Аристотель принимает все это к сведению и относит случай к обстоятельствам, естественным образом способствующим человеческой деятельности. Другая трудность для науки – это то, что случай оказывается чем-то неуловимым для познания и не поддается обобщению. В конечном счете, констатирует Дионисий Галикарнасский, никто из философов или риторов не сказал ничего полезного относительно кайроса. Против случая рассуждение бессильно, как бессильна и решимость; ум признает здесь свою ограниченность. Так исходя из иррациональности случая было сделано заключение об иррациональности успеха. Пути эффективности запутались. Иной человек преуспевает, признает Аристотель, не только без всякого размышления, но и вопреки всем выводам науки и разума. Макиавелли остается лишь повторить слова Аристотеля: порождая иррациональные отношения, непостижимость людей и обстоятельств может, однако, дать блестящие результаты там, где разум приходит в отчаяние и расчетливый человек проигрывает.

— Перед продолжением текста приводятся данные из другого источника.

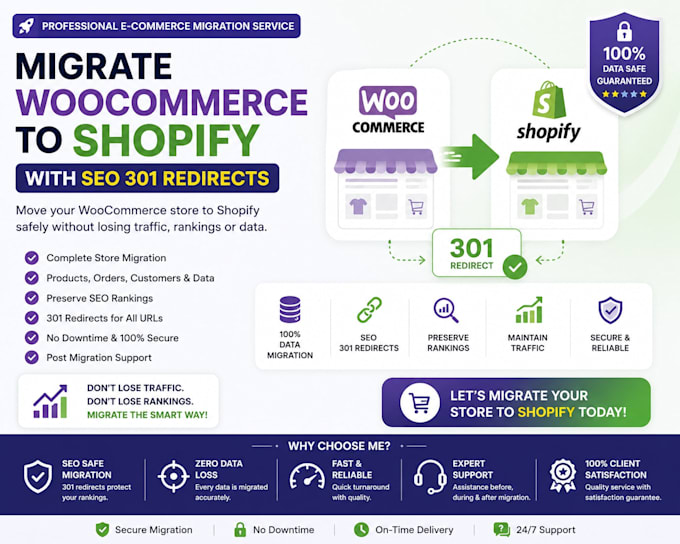 migrate woocommerce to shopify with SEO 301 redirects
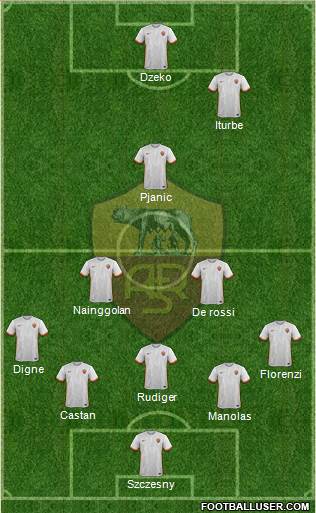 AS Roma Formation 2015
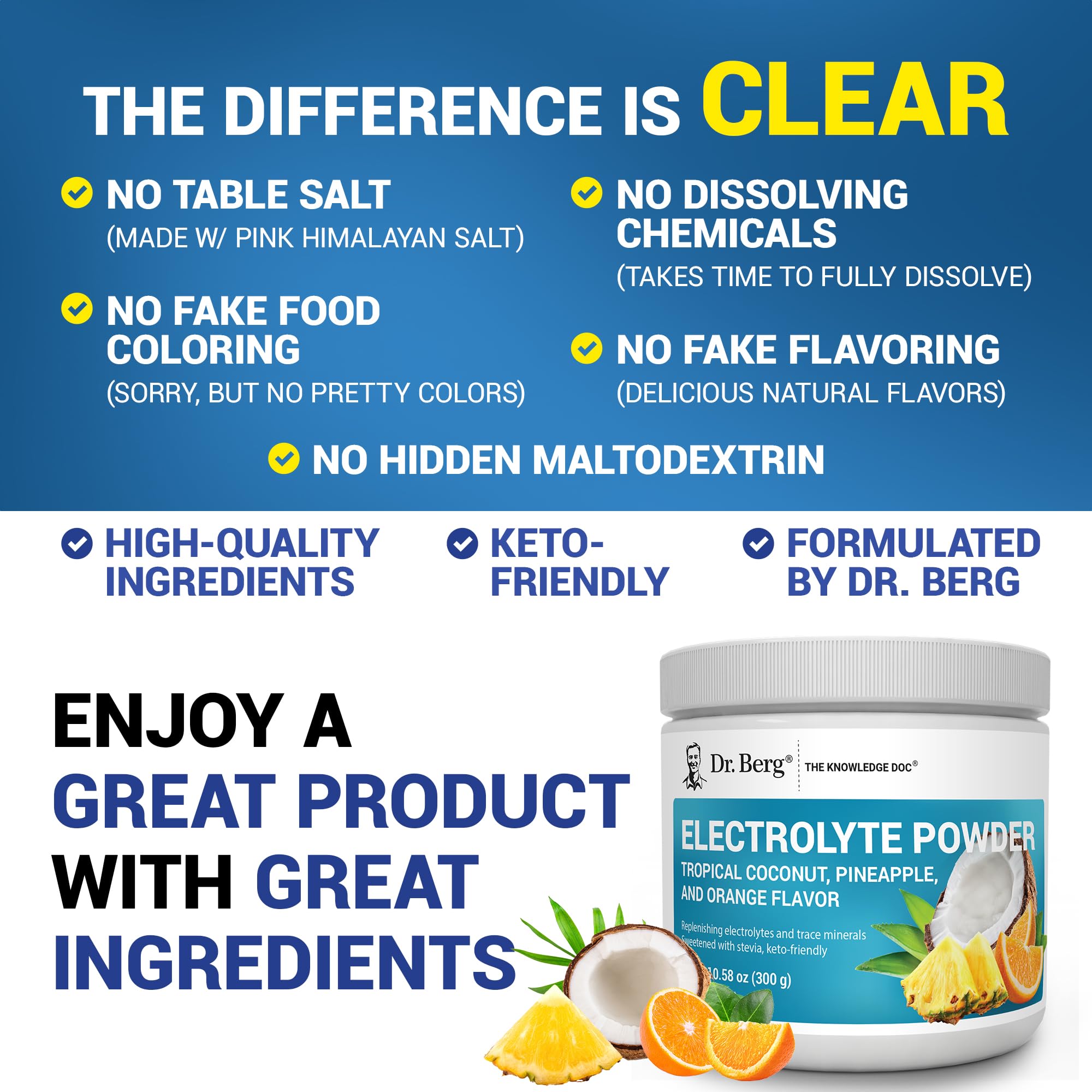 Prepared Dr. Berg Zero Sugar Hydration drink in a glass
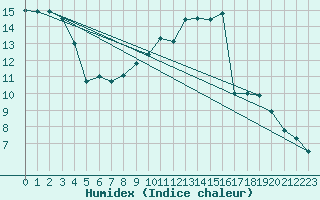 Courbe de l'humidex pour Istres (13)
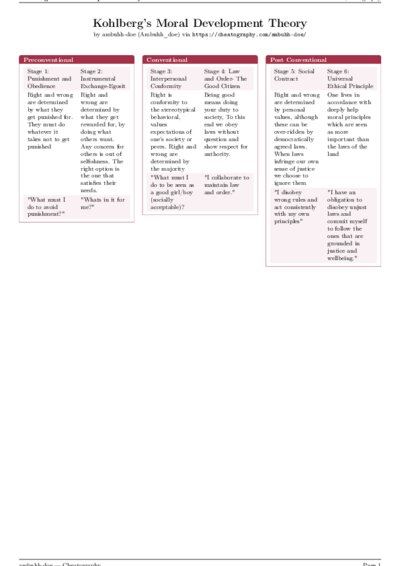 LaTeX (Compiled PDF)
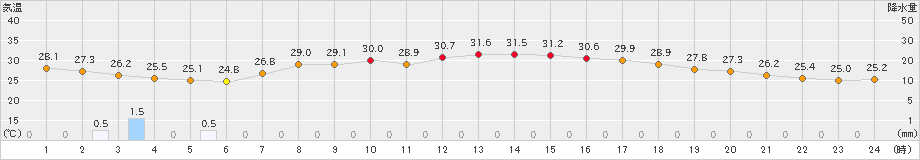 郡家(>2023年09月05日)のアメダスグラフ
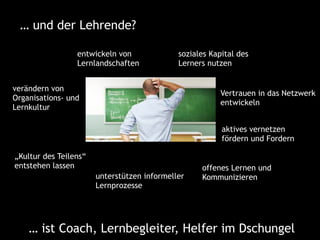 soziales Kapital des
Lerners nutzen
„Kultur des Teilens“
entstehen lassen offenes Lernen und
Kommunizieren
verändern von
Organisations- und
Lernkultur
unterstützen informeller
Lernprozesse
Vertrauen in das Netzwerk
entwickeln
aktives vernetzen
fördern und Fordern
… und der Lehrende?
entwickeln von
Lernlandschaften
… ist Coach, Lernbegleiter, Helfer im Dschungel
 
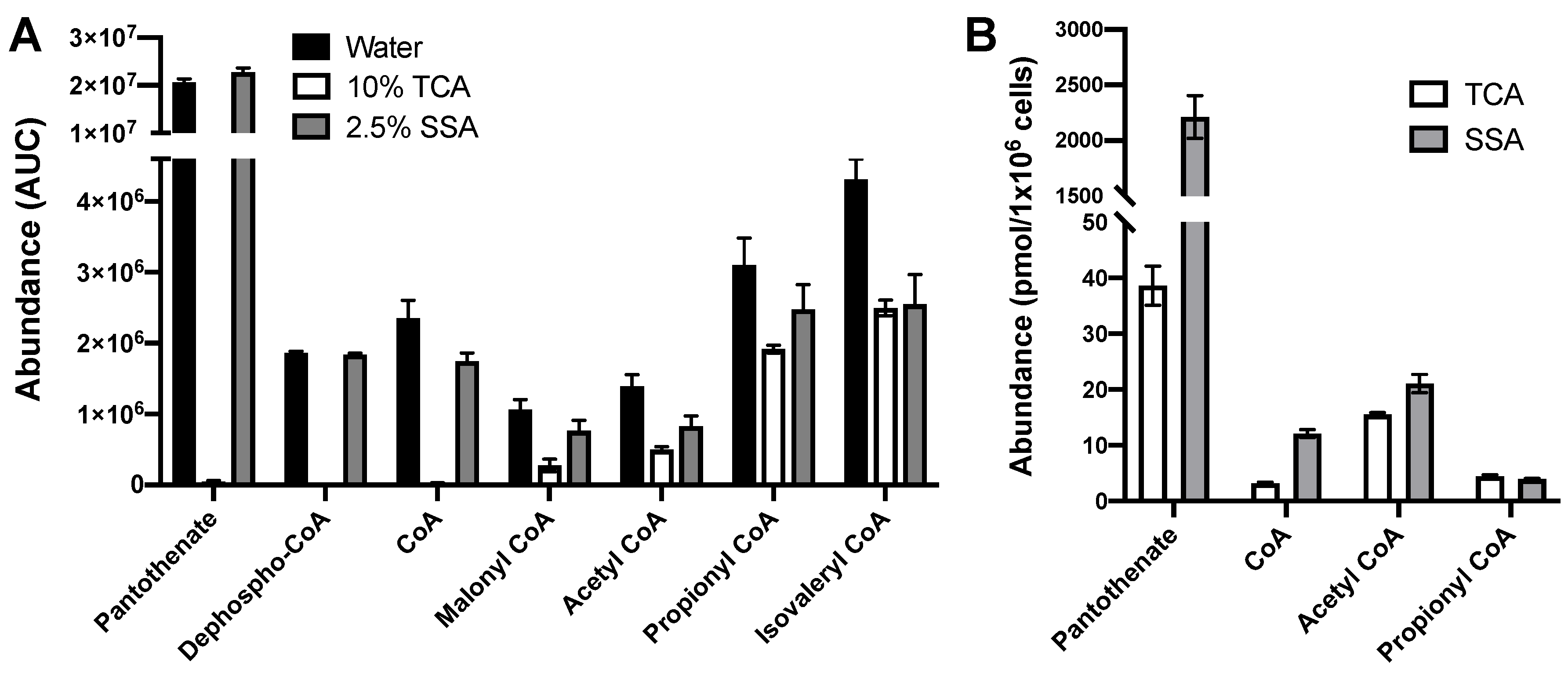 Metabolites 11 00468 g005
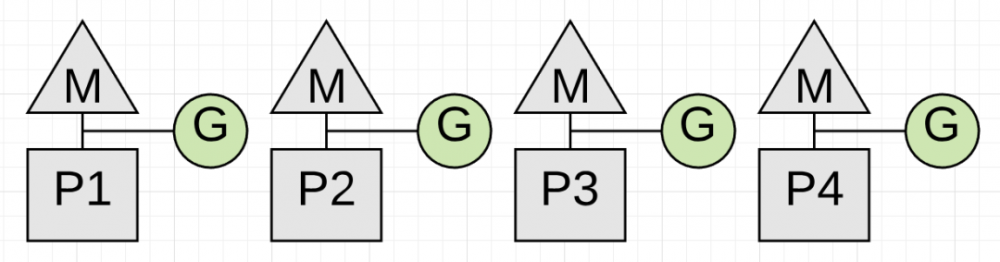 关于Golang GC的一些误解--真的比Java算法更领先吗？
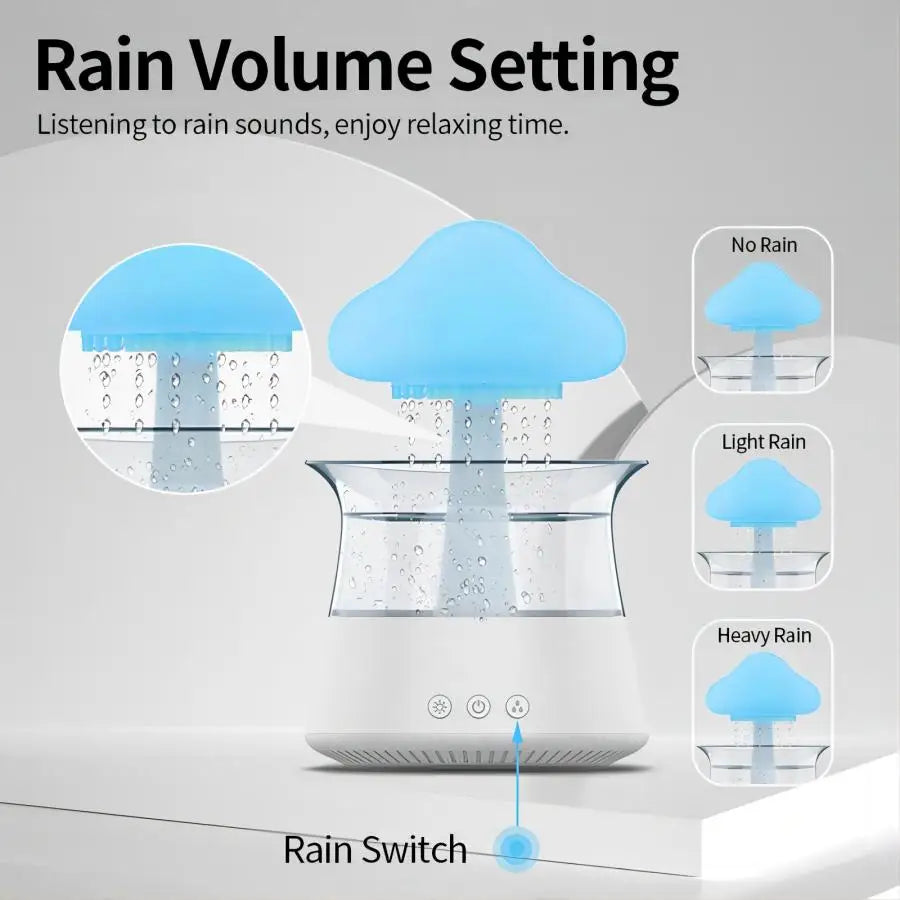 Aromatherapy Humidifier - Relax Cloud Rain Diffuser with Colorful Ultrasonic Lamp - ZOOMNSTORE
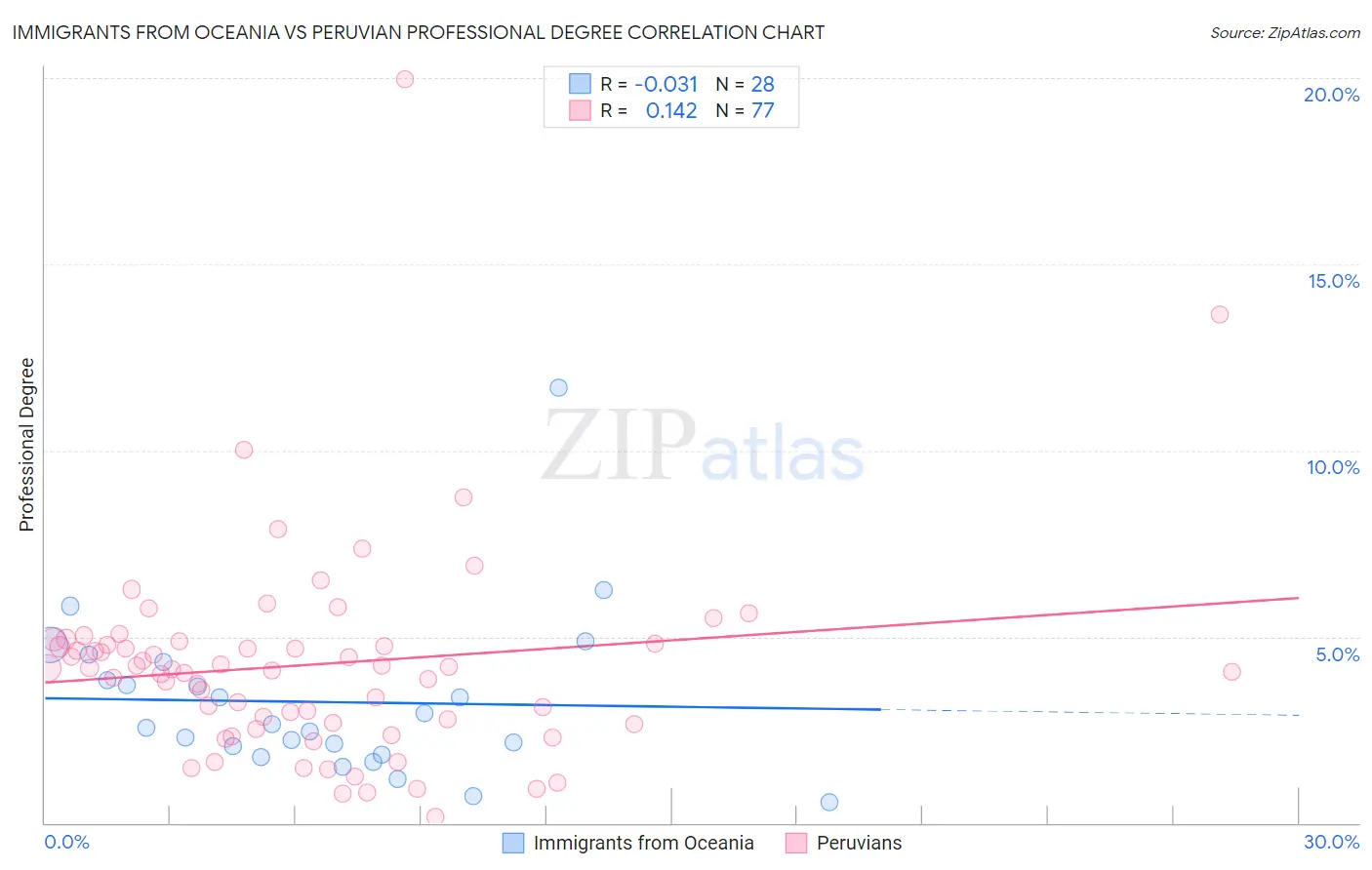 Immigrants from Oceania vs Peruvian Professional Degree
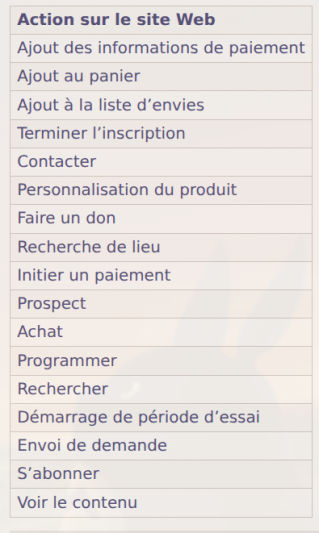 Liste des événements automatiquement pris en charge par le pixel Meta (2026)
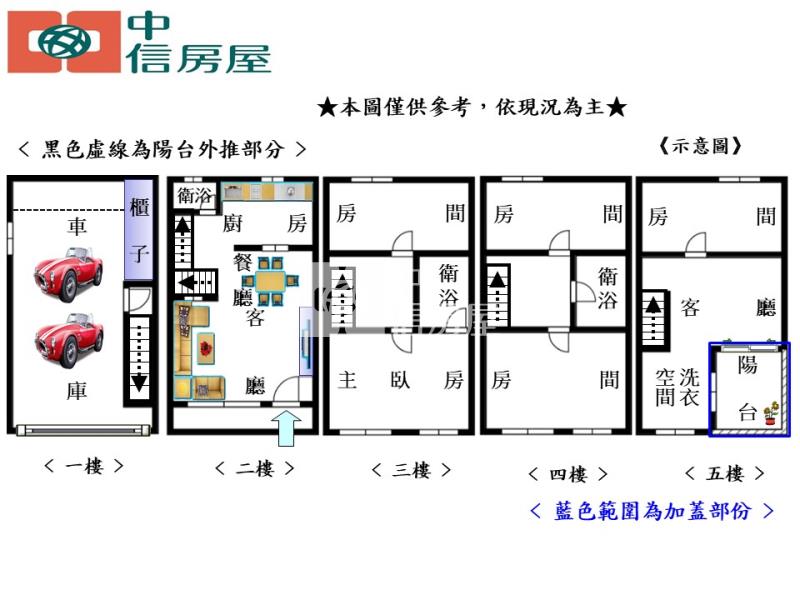 D-39貴族世家房屋室內格局與周邊環境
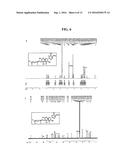 COMPOSITION FOR SUPPRESSING NEURAMINIDASE ACTIVITY COMPRISING GERANYLATED     FLAVONOID DERIVED FROM PAULOWNIA TOMENTOSA AS ACTIVE INGREDIENT diagram and image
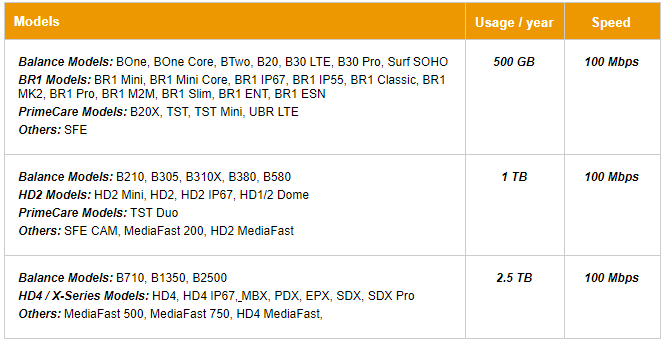 SpeedFusion Cloud and PrimeCare availability and data limits by model number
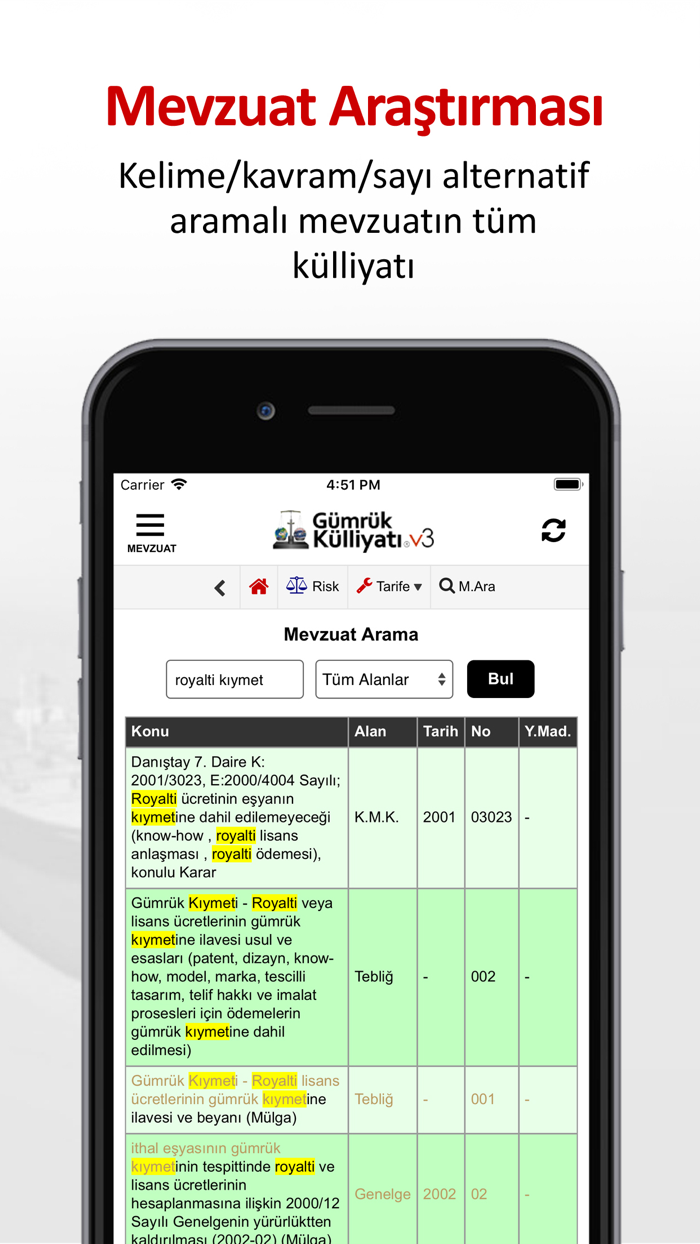 Gümrük Külliyatı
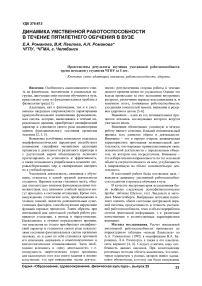 Динамика умственной работоспособности в течение пятилетнего обучения в вузе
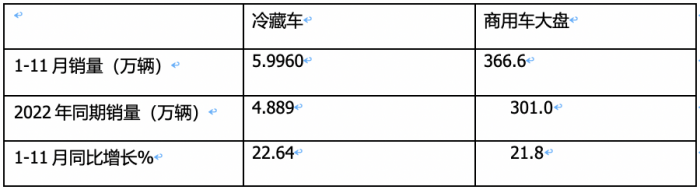 2023年前11月冷藏車市場特點簡析：同比增22.6%混動最猛，福田\解放\江淮居前三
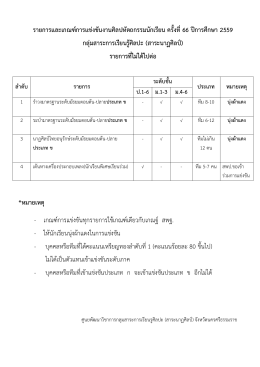 19.นาฎศิลป์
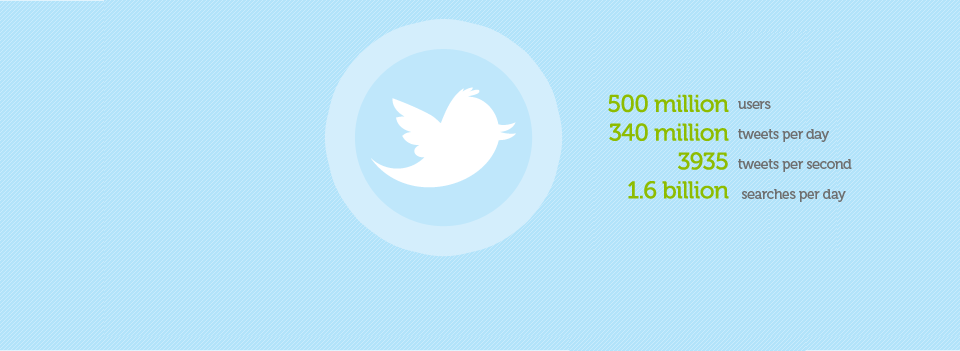 <p>There are over 500 million people on Twitter <br /> Over 340 million tweets are sent every single day </p>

Чтобы объяснить такое множество иррациональных моментов и избавиться от них, Запад был вынужден придумать свою мифологию Случая и персонифицировать его. Лисипп (современник Аристотеля) воплотил его в скульптуре, а Посейдипп восславил: Кайрос – покоритель всего и всех, передвигаюшийся «на цыпочках» (или «летающий повсюду») с бритвой в руке; прядь волос падает ему на лоб (чтобы за нее можно было ухватиться, встретив его лицом к лицу), но сзади у него лысина (если гнаться за ним, то ухватиться не за что). У Макиавелли Случайность тоже принимает образ богини, пребывающей в вечном движении, «с одной ногою на колесе». Все как бы предупреждают нас о том, что Случай можно «ухватить» только на лету, «за волосы», – не размышляя, не выбирая, а как бы похищая его. И все-таки мне кажется, что не следует ограничиваться только таким пониманием этого образа. Есть что-то другое в этой теме: в доказательство можно привести то удовольствие, с каким европейские авторы выстраивали всяческие аллегории по ее поводу. Если случай – это вызов разуму, остается оценить смысл, который открывается за ним, напряжение, которое создается им. Ибо к статусу иррациональности не сводится образ случая – и это со всей очевидностью проявилось в Китае. Здесь появляются новые источники Случая, возникает другая аргументация.